Pepa Bueno: «Hay que avanzar con los hombres, sin ellos no tiene sentido»

«El cambio más importante de la democracia en España afecta a las mujeres», sostiene la periodista, que tiene claro que «este 8M no debe celebrarse en la calle» y recupera en «Vidas arrebatadas» la voz de dos niños a los que ETA dejó huérfanos en el 87

La periodista Pepa Bueno acaba de publicar su primer libro en solitario, «Vidas arrebatadas. Huérfanos de ETA»
La periodista Pepa Bueno acaba de publicar su primer libro en solitario, «Vidas arrebatadas. Huérfanos de ETA»

Hace preguntas, las encaja, responde rápido y claro, y en su oficio no pierde de vista los porqués.
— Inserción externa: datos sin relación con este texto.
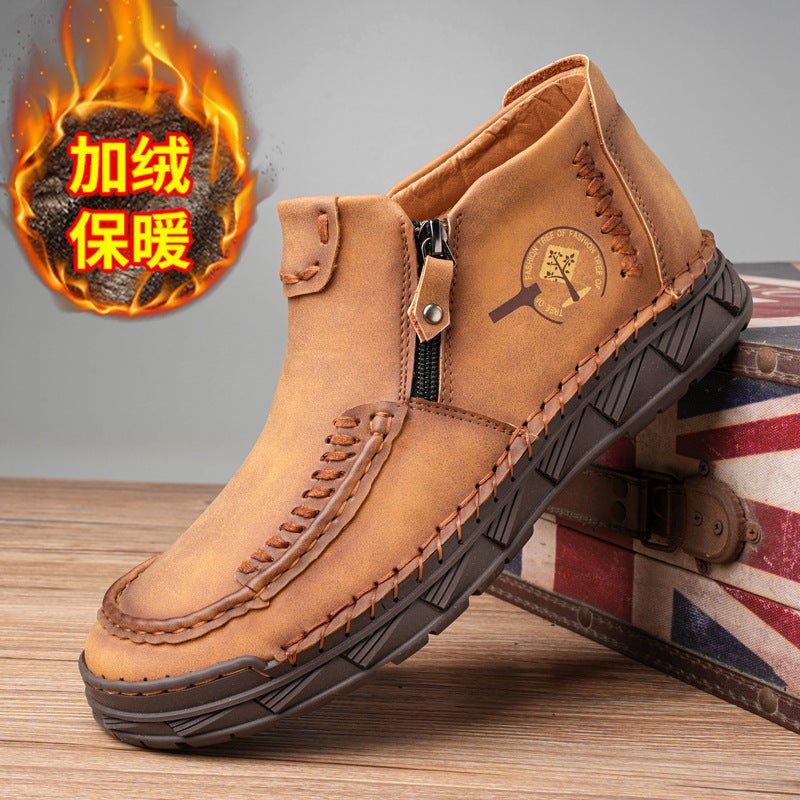 Plus Size Men'S Shoes Casual Leather Shoes Breathable Shoes Fashionable Shoes Genuine Leather Quality Shoes Fashionable Fashionable Shoes Single-Layer Shoes Men'S Cotton Boots - Image 4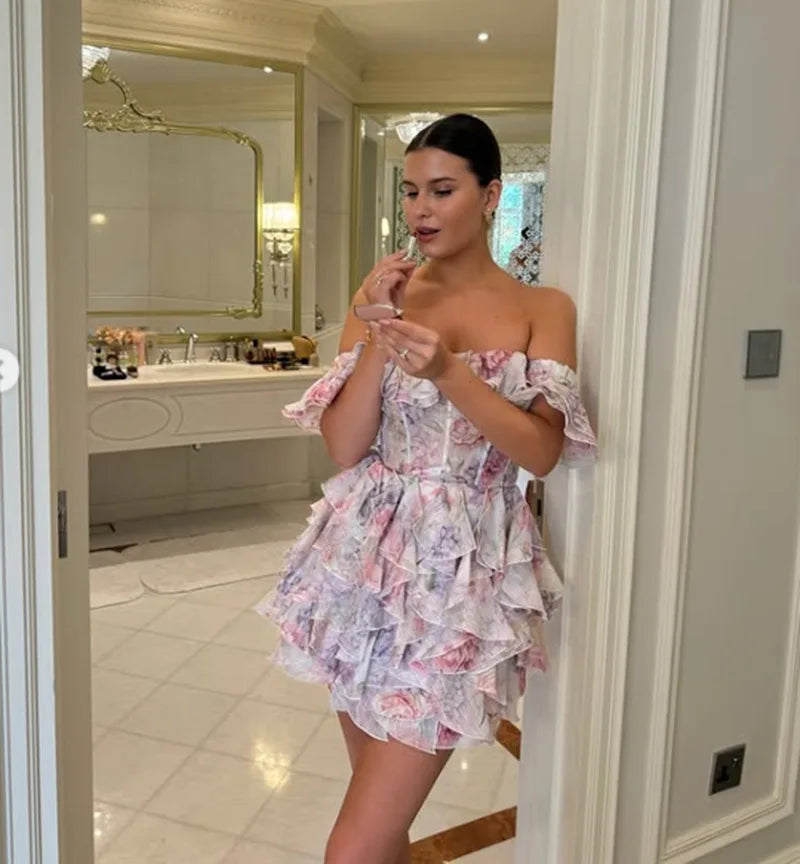 Off Shoulder Ruffle Dress Evening Club Wear Chiffon Dresses 2025 Women Summer Vintage Outfits Sexy Bodycon Pleated Mini Dress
Líder de la radio con el programa Hora 25, Pepa Bueno (Badajoz, 1964), que ha dado la cara y la voz desde los 90 por nuestra actualidad, rescata del olvido en su primer libro, Vidas arrebatadas, la historia de José Mari y Víctor, víctimas del terror de ETA, dos hermanos que sobrevivieron al atentado que la banda perpetró el 11 de diciembre de 1987 contra la casa cuartel de Zaragoza. ¿Lo recuerdan? Leer el relato estremece, de partida porque no es ficción. Pero también por la crudeza desnuda, abrasiva, de los testimonios de los dos. Aquello ocurrió, y han tenido que pasar décadas para contarlo. Cada vida rota merece la costura de un libro.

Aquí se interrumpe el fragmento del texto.